#### Work instruction
The span to repeat in the listing below runs from the line containing "Uchwyt do przytrzymania" to the line containing "Yemen’de hükümet güçleri", inclusive. Repeat it exactly, and only it.

#### Recorded data
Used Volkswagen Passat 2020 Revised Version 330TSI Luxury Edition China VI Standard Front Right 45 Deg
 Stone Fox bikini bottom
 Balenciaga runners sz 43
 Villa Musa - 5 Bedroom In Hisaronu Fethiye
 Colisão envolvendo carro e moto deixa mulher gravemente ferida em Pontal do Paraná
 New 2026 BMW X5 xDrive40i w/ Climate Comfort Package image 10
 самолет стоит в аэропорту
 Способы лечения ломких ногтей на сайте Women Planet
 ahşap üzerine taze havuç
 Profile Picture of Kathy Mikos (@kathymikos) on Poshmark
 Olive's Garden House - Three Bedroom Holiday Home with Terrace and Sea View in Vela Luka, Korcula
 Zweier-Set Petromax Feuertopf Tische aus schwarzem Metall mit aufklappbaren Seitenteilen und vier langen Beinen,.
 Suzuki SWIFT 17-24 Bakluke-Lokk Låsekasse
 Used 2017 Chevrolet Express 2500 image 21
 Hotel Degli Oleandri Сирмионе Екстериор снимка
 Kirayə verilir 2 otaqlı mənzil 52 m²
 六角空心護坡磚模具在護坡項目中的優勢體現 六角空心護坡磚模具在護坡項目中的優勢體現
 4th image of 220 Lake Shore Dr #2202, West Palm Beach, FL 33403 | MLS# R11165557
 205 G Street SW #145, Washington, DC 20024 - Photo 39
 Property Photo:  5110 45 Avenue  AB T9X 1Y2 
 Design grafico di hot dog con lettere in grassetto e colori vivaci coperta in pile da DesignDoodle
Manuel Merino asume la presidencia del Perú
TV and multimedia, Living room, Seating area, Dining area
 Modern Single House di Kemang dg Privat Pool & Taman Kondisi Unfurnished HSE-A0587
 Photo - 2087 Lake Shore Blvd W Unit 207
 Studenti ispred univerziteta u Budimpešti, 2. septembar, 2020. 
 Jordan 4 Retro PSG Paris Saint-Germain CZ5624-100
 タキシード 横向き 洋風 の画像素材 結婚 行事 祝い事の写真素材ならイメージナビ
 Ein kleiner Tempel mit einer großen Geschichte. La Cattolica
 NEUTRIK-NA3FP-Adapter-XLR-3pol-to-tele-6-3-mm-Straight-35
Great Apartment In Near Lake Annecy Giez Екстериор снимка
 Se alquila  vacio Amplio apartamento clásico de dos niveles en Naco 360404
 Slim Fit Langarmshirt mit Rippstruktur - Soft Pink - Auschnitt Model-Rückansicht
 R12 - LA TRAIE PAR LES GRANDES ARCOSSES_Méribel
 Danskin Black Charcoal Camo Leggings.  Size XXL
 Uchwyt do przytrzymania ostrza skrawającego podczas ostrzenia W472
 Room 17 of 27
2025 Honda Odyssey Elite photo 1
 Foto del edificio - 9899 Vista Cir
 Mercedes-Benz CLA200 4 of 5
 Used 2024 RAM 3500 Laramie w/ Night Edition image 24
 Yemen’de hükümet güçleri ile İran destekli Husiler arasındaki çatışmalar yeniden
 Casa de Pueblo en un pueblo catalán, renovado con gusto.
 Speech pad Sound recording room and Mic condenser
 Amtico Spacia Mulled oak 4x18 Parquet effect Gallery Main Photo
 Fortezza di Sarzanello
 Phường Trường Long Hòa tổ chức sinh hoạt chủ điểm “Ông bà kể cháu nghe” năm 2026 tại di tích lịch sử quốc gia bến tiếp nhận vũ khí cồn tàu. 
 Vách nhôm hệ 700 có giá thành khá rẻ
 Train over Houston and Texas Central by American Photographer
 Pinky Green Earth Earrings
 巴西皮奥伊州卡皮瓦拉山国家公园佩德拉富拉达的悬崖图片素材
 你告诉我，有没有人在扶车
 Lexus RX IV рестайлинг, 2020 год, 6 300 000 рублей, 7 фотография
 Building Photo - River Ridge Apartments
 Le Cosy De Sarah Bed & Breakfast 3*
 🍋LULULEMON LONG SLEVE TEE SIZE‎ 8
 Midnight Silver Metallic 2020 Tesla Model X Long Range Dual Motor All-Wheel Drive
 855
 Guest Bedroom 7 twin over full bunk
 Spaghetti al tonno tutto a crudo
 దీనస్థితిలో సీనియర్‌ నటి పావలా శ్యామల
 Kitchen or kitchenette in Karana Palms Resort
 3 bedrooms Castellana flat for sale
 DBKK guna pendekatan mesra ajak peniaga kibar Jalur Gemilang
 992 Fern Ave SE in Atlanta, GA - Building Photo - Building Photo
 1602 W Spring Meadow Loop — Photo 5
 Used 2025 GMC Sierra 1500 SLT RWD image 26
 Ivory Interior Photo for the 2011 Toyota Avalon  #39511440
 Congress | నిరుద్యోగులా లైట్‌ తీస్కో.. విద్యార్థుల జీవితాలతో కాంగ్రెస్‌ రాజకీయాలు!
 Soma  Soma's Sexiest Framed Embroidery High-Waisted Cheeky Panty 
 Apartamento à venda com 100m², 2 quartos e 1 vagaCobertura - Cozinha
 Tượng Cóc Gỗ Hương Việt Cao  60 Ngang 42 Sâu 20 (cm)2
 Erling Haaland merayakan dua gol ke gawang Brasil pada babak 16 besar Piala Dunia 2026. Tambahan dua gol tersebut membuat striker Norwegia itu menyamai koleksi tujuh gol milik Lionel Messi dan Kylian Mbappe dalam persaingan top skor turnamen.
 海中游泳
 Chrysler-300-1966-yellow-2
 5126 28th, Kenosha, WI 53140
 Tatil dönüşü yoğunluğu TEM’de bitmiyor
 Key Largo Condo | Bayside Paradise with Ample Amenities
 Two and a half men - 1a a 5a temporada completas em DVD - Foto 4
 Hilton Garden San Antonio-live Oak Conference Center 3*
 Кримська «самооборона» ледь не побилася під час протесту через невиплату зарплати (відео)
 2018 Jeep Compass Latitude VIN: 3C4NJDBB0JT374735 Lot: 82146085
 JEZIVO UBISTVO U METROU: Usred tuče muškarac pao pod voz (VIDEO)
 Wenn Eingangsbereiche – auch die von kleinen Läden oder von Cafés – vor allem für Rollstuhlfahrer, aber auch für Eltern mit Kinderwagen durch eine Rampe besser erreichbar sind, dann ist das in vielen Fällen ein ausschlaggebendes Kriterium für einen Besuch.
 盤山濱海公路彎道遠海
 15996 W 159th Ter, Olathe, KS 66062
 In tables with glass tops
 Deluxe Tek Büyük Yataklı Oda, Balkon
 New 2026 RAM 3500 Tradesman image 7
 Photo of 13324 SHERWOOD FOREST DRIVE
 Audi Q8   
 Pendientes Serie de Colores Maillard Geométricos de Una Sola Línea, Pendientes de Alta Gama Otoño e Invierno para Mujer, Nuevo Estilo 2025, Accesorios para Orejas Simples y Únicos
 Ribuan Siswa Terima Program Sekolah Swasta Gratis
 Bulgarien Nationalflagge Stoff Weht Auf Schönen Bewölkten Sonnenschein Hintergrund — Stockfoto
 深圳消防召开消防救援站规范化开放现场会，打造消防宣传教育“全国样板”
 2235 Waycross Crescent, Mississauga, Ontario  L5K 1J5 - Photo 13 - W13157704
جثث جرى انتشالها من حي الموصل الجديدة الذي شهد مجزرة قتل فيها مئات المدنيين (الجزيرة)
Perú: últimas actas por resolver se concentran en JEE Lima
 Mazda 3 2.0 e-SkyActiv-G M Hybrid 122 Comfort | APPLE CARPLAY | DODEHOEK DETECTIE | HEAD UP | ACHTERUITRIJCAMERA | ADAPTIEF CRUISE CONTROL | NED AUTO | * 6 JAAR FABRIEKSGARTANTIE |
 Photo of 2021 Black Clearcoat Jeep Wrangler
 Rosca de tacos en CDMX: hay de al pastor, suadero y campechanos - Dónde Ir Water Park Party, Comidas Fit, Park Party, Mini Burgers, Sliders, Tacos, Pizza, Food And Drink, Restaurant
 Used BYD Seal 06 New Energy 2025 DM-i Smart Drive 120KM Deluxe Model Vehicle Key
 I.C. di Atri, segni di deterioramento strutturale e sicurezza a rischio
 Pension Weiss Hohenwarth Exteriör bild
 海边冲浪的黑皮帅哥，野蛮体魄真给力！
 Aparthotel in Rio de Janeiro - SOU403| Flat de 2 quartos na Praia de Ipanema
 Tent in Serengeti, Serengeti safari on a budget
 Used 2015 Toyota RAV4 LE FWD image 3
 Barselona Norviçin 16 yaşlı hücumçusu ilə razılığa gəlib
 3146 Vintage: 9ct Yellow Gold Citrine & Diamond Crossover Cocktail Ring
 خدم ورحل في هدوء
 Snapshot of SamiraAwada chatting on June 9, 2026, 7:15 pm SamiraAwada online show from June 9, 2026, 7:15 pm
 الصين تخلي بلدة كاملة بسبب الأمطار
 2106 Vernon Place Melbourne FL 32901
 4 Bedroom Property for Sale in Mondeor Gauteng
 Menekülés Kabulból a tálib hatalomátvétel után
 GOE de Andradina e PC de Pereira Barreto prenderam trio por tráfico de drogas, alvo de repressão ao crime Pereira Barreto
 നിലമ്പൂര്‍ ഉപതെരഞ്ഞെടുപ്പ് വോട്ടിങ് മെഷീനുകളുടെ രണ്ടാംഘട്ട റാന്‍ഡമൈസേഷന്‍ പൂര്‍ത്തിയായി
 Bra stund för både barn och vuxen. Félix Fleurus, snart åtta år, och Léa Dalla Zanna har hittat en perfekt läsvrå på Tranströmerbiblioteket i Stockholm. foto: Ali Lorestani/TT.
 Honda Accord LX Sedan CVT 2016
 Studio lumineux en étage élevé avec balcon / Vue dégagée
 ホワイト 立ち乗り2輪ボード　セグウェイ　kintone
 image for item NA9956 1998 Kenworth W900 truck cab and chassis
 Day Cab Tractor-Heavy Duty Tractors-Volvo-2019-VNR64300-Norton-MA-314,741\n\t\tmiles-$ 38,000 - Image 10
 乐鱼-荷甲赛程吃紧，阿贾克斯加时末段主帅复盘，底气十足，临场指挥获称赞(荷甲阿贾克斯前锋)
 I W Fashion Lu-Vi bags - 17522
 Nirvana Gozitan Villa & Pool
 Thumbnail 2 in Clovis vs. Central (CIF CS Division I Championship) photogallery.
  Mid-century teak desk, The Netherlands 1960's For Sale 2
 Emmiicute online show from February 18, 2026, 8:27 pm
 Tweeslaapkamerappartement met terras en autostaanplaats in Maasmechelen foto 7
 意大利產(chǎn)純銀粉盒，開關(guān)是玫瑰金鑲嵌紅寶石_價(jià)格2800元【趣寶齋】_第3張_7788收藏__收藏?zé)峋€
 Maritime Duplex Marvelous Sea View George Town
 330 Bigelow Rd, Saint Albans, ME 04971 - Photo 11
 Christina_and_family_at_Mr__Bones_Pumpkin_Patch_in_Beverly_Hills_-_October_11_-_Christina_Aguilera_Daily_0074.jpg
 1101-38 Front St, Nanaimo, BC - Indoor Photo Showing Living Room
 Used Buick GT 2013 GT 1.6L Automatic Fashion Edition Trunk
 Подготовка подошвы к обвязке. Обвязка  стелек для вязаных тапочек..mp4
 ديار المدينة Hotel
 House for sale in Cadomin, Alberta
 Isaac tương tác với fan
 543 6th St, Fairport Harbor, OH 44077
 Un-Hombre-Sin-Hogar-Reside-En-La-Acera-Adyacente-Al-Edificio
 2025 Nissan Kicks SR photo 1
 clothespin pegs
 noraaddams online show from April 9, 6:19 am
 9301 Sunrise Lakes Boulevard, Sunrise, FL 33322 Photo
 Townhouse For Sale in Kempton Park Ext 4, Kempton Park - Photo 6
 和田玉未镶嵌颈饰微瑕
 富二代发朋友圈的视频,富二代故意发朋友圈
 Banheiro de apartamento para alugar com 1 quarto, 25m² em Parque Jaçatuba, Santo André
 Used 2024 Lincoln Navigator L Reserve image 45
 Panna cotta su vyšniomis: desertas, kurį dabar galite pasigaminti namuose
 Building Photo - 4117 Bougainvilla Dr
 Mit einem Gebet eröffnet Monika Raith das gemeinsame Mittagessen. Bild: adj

#### Answer to this exercise
 Uchwyt do przytrzymania ostrza skrawającego podczas ostrzenia W472
 Room 17 of 27
2025 Honda Odyssey Elite photo 1
 Foto del edificio - 9899 Vista Cir
 Mercedes-Benz CLA200 4 of 5
 Used 2024 RAM 3500 Laramie w/ Night Edition image 24
 Yemen’de hükümet güçleri ile İran destekli Husiler arasındaki çatışmalar yeniden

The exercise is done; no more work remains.